Hi, can anyone recommend a method for ensuring all business processes in an organization are captured satisfactorily? We have a business analyst who is gathering requirements for a single IT system that will support the work of five different groups that interact with internal and external stakeholders in various ways. However, the BA is new to the organization and the domain and is going about capturing all the processes in a seemingly haphazard way. Is there a business process mapping methodology we can follow to ensure all processes and integrations are captured at the beginning of a project? I've just gotten involved in this project and am new to business analysis, so apologies if I'm asking an obvious question. Thanks.

New Post 2/19/2020 1:11 PM
User is offline Chris Adams
323 posts
5th Level Poster

Re: How to ensure all business processes are accurately captured at the beginning of a project 
Modified By Adrian M.  on 9/12/2021 7:10:37 PM)

Hello Kris.

This is a common challenge encountered by business analysts. How can a business analyst ensure that ANY discovery process yields complete results?  The short answer is to use multiple complementary tools and techniques to approach the problem from multiple perspectives where each validates the other and fills any gaps in your discovery process.
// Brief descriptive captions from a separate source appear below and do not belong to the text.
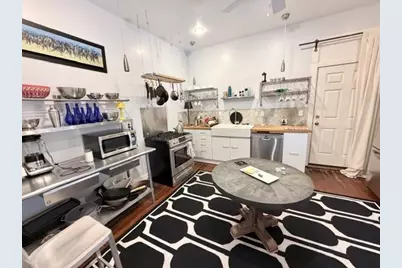 1803 21 Street #UP, Galveston, TX 77550 - Photo 15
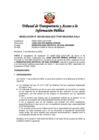 Vista preliminar de documento Resolución N° 003189-2022-JUS-TTAIP-SEGUNDA SALA.pdf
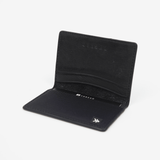 BIFOLD-WALLET-BLACK-1SZ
In your case, you should focus on Processes, Business Entities, and Data Flows within the scope of your domain or system.
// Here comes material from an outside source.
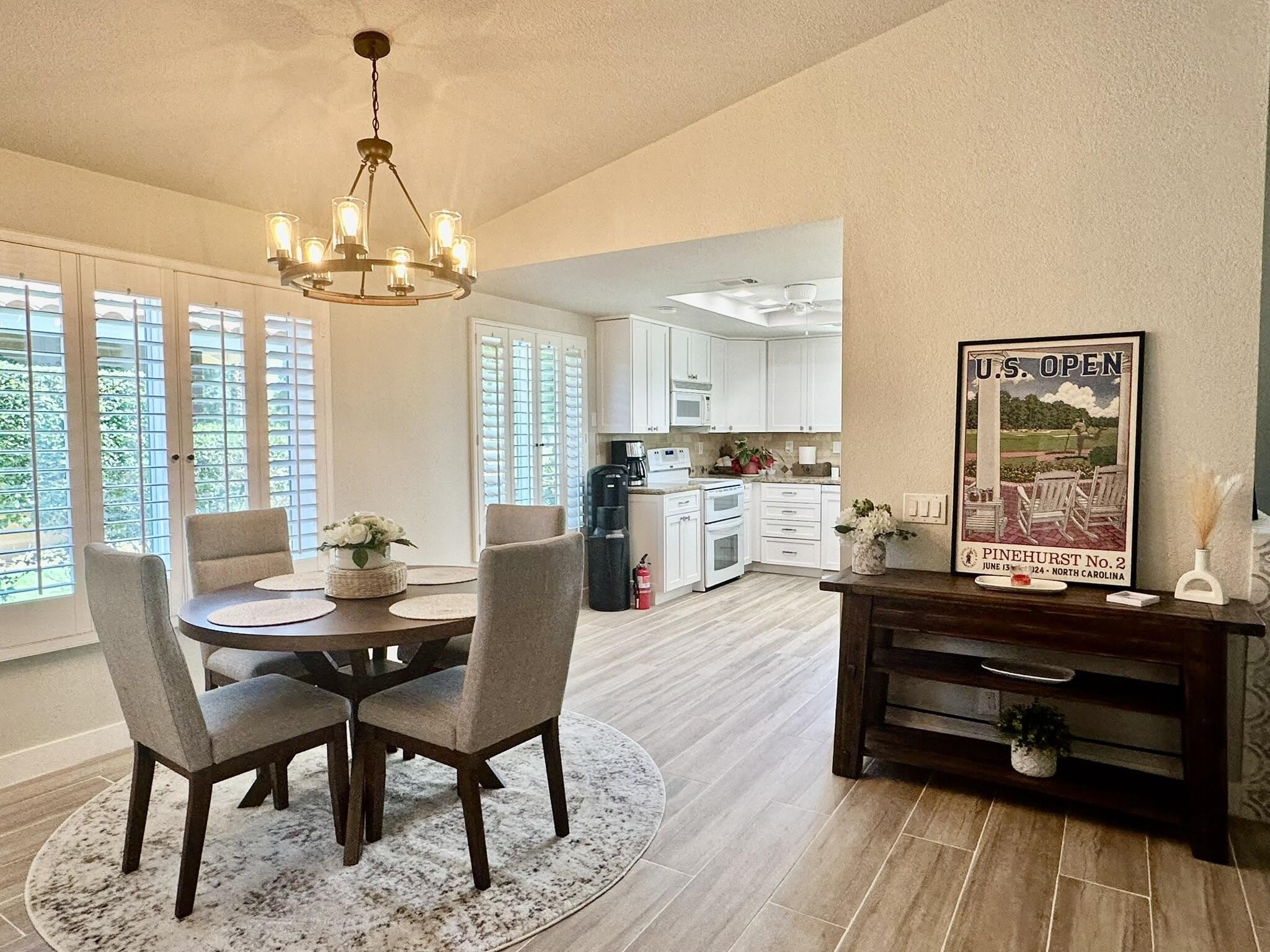 246 Santa Barbara Circle – photo 4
Let's take a moment to understand what processes really do.  Process take inputs, do something to add value, and produce outputs. These inputs and outputs  can be data/information, products, or work deliverables. There is a well known diagram, called a SIPOC diagram, that reinforces this concept. SIPOC stands for Supplier, Input, Process, Output, Consumer. The supplier is where the inputs come from. It might be a database or worker and it could be internal or external to your organization. Those inputs flow into a process. The process does stuff to add value and then generate outputs which are consumed by a person, another process, or database for later use.
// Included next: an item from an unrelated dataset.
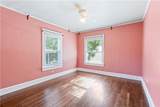 2803 Harrison Street - Photo 22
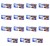 image-editor%2Fmultipack%2F1777031263449-r855-c1-x15.png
Some of your processes will be easily identified on their own, but by focusing on the information that is important to your organization you can discover other processes that you may have missed.  Business information/data is almost always an input or output of a process.  Otherwise, why does the information/data exist in the first place?
A Business Entity Model (also known as a Concept Model or Logical Data Model) can help you document and understand the important information or "things" of your business.  For a mortgage business, this might be things like Borrower, Loan Application, Credit Report, Credit Decision, Underwriting Decision. Each of these business entities have attributes which describe them. For instance, the Borrower entity may have attributes of First Name, Last Name, Phone Number, Date of Birth, etc. For most of your discovery process understanding the business entities is enough.  Though it may be necessary to document some of the key attributes as well. A great place to discover the business entities and attributes of the business is to review APIs and database tables. Of course, this will show you the physical data structures.  These need to be translated into logical data structures that reflect the way your business thinks about and uses the business entities and attributes.  But APIs and databases do a great job of helping you find all of your data.  Remember, data exists for a reason. Data will help you find your processes.
Data Flow Diagrams can then be used to show how information/data (Business Entities) flow as inputs into some processes and outputs from others.  The Data Flow Diagrams connect it all together.
By using an iterative process, you can document Business Entities which, by virtue of being an input or output to one or more processes, help you discover other processes you may have missed.  And you can use processes, and the inputs and outputs of these processes, to discover business entities you have missed.  With each iteration you fill gaps that you might otherwise have missed.